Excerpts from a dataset
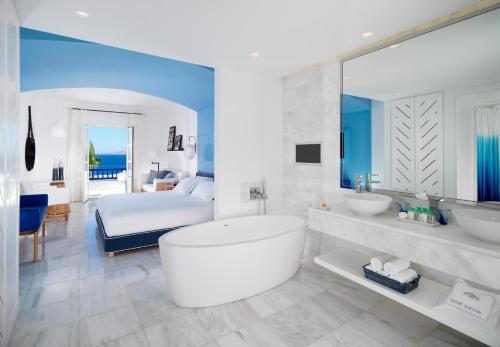 Mykonos Grand Hotel & Resort, Agios Ioannis Mykonos – Updated 2022 Prices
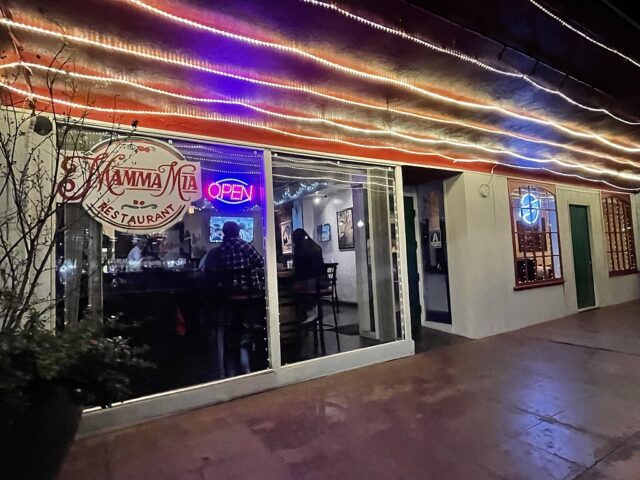 Mamma Mia Restaurant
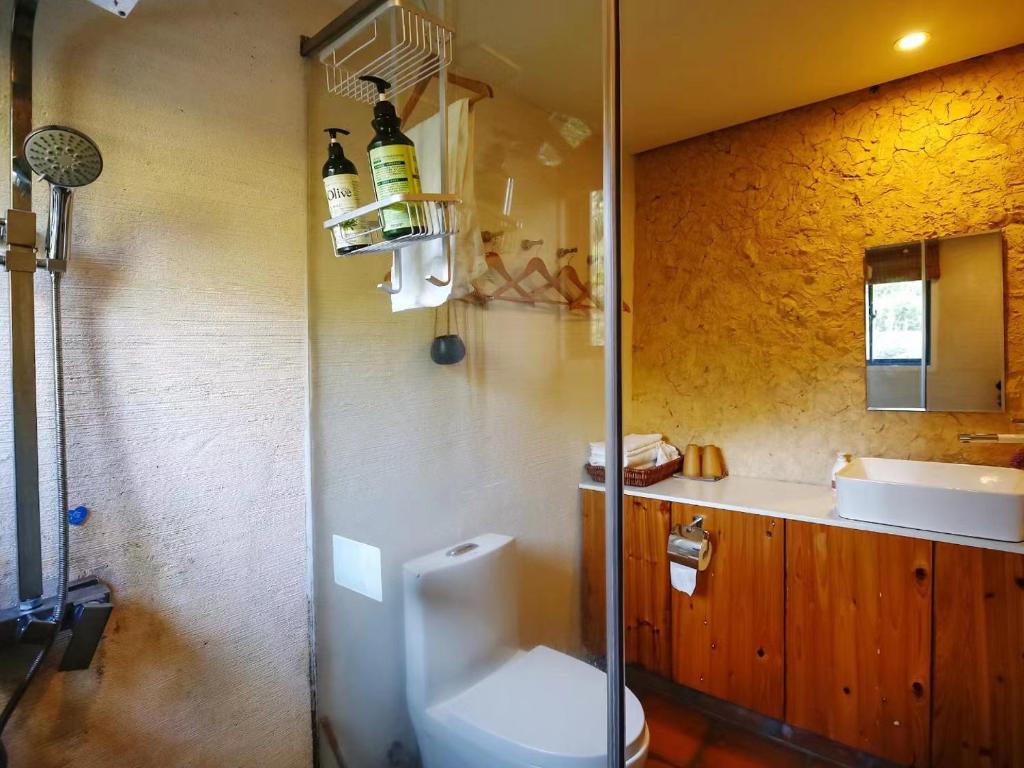 Koupelna v ubytování Tulou Herongzhuang Inn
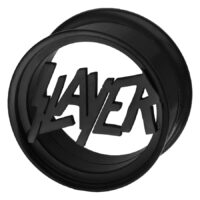 Túnel negro con logo de Slayer de acero quirúrgico sobre fondo blanco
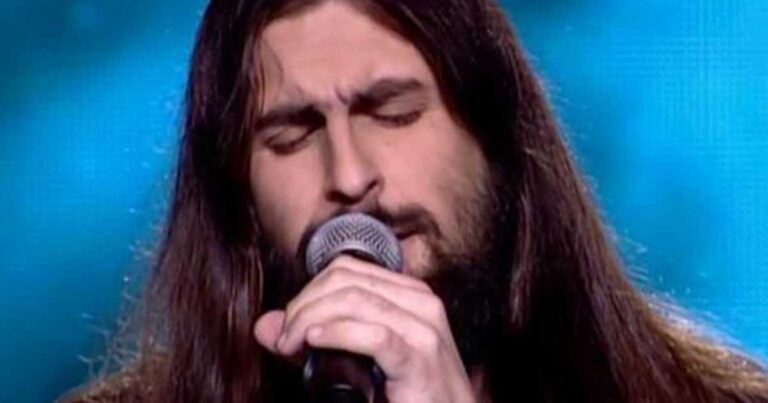 O άνθρωπος που με την φωνή του τρέλανε το Ελληνικό The Voice (βίντεο)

What is being asked:
The answer consists solely of the lines from the one holding "Mamma Mia Restaurant" through the last line of the entries above, set down verbatim, without any pictures.

Output:
 Mamma Mia Restaurant
 Koupelna v ubytování Tulou Herongzhuang Inn
 Túnel negro con logo de Slayer de acero quirúrgico sobre fondo blanco
 O άνθρωπος που με την φωνή του τρέλανε το Ελληνικό The Voice (βίντεο)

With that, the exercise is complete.